Generation and evolution of the orbital angular coherence momentum of mutual coherence tensor for stochastic optical fields
Abstract
The statistical properties of light play an important role in determining the result of most optical experiment. It has long been recognized that correlations provides a very convenient method in describing the statistical properties of light. In particular, the cross correlation between the fluctuating fields at different space time points, known as the coherence function, is a quantity of great interest. Another important manifestation of the random fluctuations is the phenomenon of partial polarization. In recent years, the unification of the phenomena of coherence and polarization has attracted new interests and some developments have been made to demonstrate the usefulness of this more comprehensive formulation of correlation effects in stochastic electromagnetic beams.

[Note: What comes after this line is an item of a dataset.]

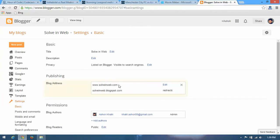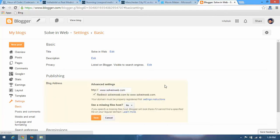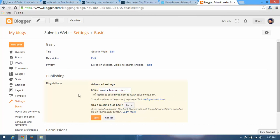You can see I edit and don't forget to mark here in the box which is called redirect solveinweb.com to www.solveinweb.com. You must mark in this box and save it. Okay, finally you have done it.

On the other hand, optical vortices or phase singularities in optical fields have been known for a long time, and extensive studies have been made on their basic properties since the seminal work of Nye and Berry in the early 1970s. Among various fantastic features possessed by optical vortices, the existence of the orbital angular momentum of light is one of the most fundamental properties. Recently, the field of singular optics has been extended to the realm of correlation functions, where a new term coherence vortices has been introduced to refer to phase singularities of the complex coherence function. We have presented a direct experimental evidence of the phase singularity of coherence function, and observed a newly defined quantity orbital angular coherence momentum associated with the coherence vortex. In this talk, we will present the theoretical and experimental investigations into the newly introduced spin and orbital angular momenta of coherence tensor. Some associated properties such as the fractional coherence vortex with its analogy to Aharonov-Bohm effect and Fujiwhara effect between two coherence vortices are also investigated for the first time.